As you can see the generated code doesn't contain near_sdk::env::state_read().unwrap_or_default(); so the near-sdk just skip generating this line of code. So we can use this kind of raw function like in the Aurora engine pub extern "C" fn ....

Btw, if it is problematic to do that in the plugins themselves, then we could add this requirement just to the attach_full_access_key. But the problem here is that attach_full_access_key itself uses the access_control_any so it could fail on access check step.

[mooori]

Yeah, I am aware of the deploy & migrate functionally, Astro dao also has a similar approach, but this doesn't protect us from deploying a problematic contract by mistake, if the full access keys were removed and there is no correct migration function then there is no way to recover the contract.

A failure of the migration function causes the upgrade to roll back if the migration function is called via the function_call_args of up_deploy_code.

As you can see the generated code doesn't contain near_sdk::env::state_read().unwrap_or_default(); so the near-sdk just skip generating this line of code.

Such an approach in near-plugins would be tricky to maintain: To know what ignore_state does we would need to monitor the source code of near-sdk or compare macro expansions of #[init] and #[init(ignore_state)]. Applying the ignore_state behavior would also be complicated by some plugins building on top of others, as you mentioned.

So we can use this kind of raw function like in the Aurora engine pub extern "C" fn ....
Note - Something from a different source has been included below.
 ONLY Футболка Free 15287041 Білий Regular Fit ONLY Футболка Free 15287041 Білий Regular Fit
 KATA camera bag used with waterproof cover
Currently we expect plugins to be used within implementation blocks with #[near-bindgen]. However using pub extern "C" fn ... inside near-bindgen blocks is not allowed:

error: Contract API is not allowed to have binary interface.
  --> src/lib.rs:61:9
   |
61 |     pub extern "C" fn foobar() {}
   |         ^^^^^^

With raw functions like that, using near-plugins would become more difficult, as sometimes it needs to be within implementation blocks with near-bindgen, sometimes outside of them.